◆ **Your goal**: Only the text belongs in the copy. Transcribe the data exactly and drop any pictures.

Source data Block Start

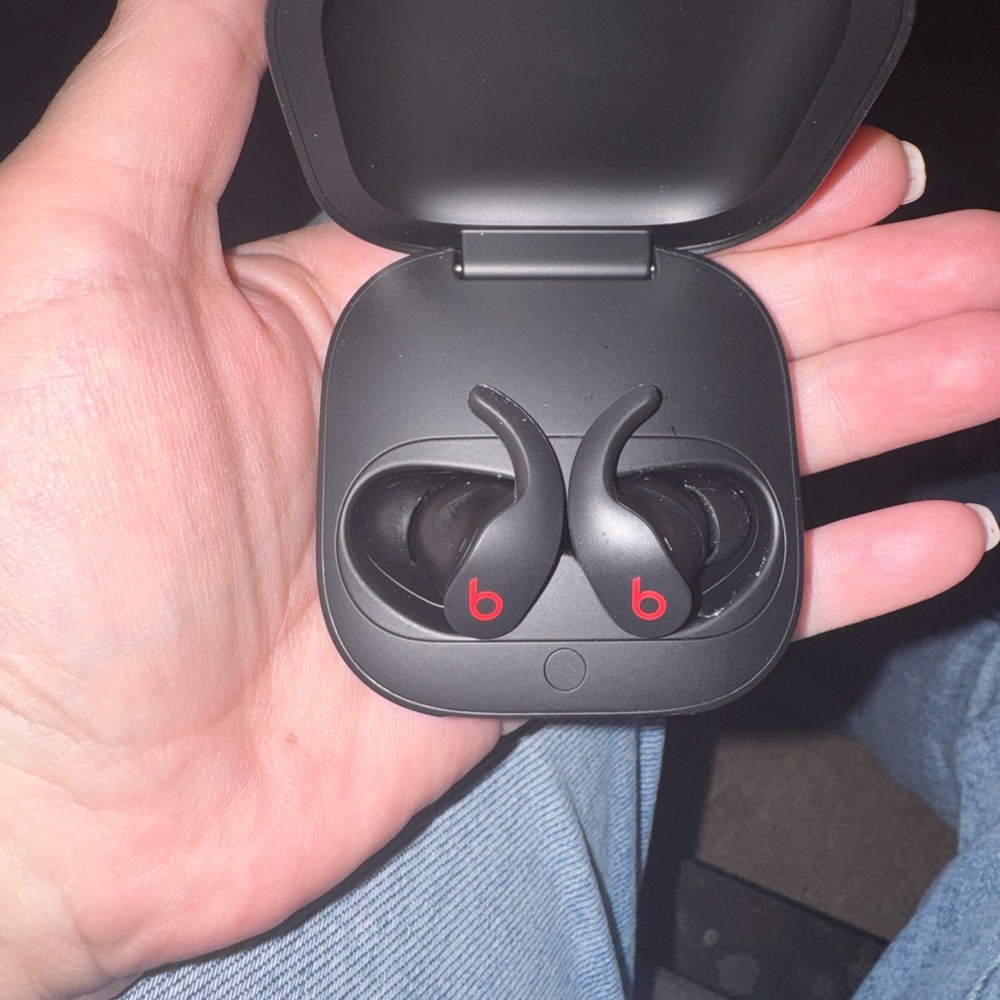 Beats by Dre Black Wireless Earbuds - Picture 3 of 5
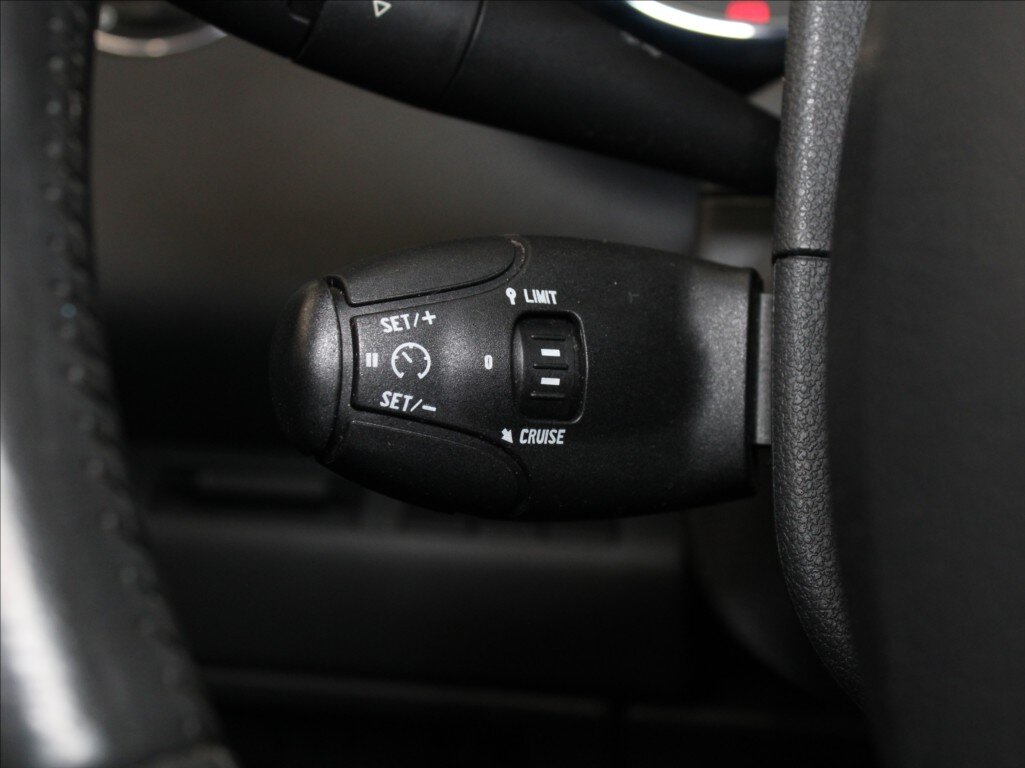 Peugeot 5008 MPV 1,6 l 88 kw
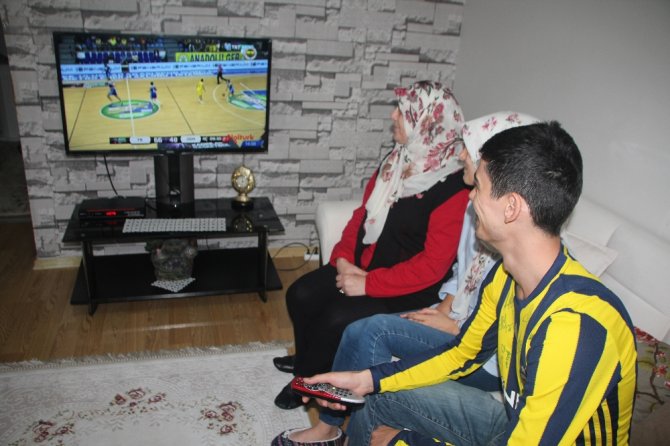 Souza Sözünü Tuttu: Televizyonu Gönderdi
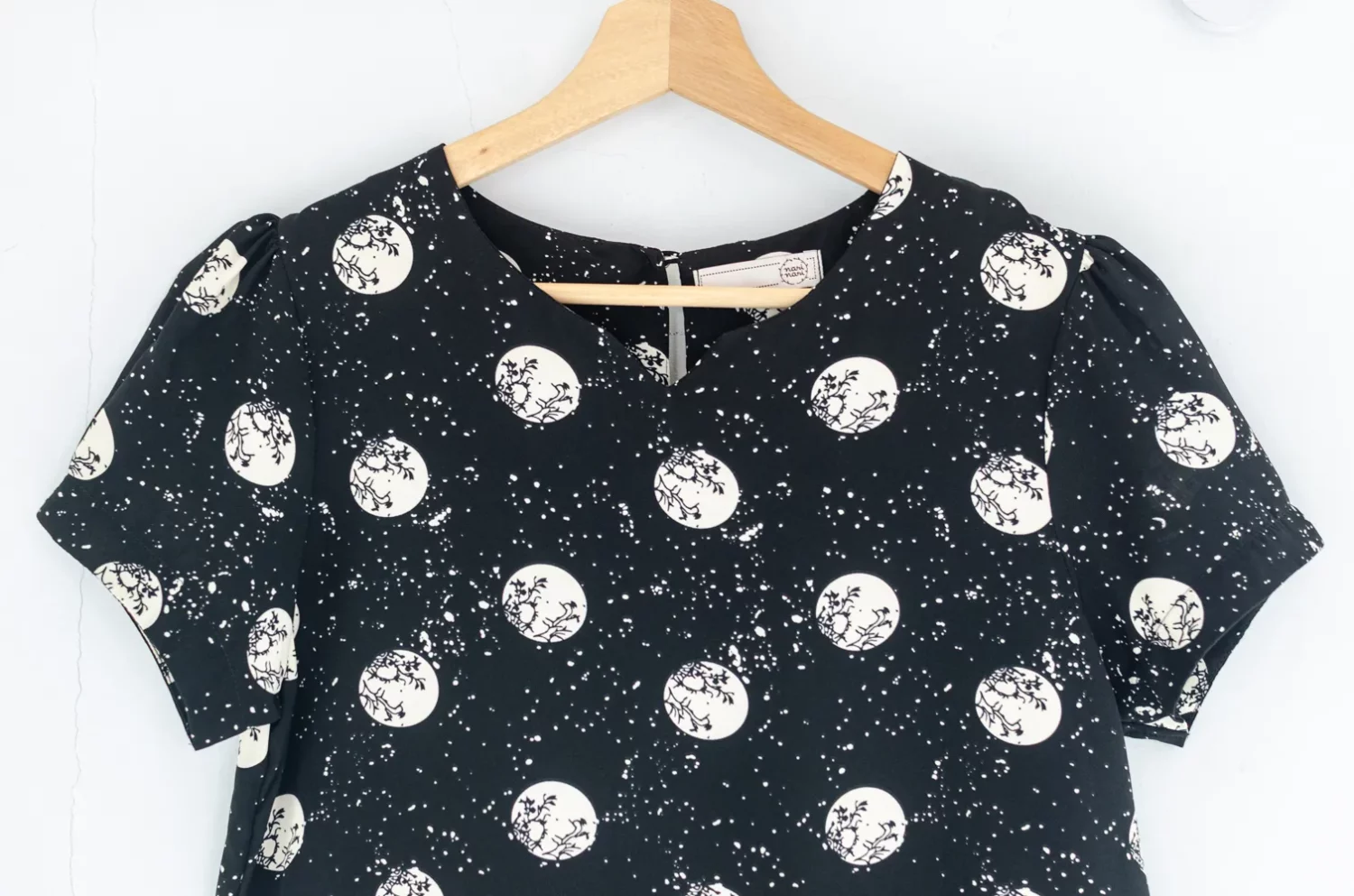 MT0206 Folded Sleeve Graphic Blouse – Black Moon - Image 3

Source data Block End

◆ **Result below**:
 Beats by Dre Black Wireless Earbuds - Picture 3 of 5
 Peugeot 5008 MPV 1,6 l 88 kw
 Souza Sözünü Tuttu: Televizyonu Gönderdi
 MT0206 Folded Sleeve Graphic Blouse – Black Moon - Image 3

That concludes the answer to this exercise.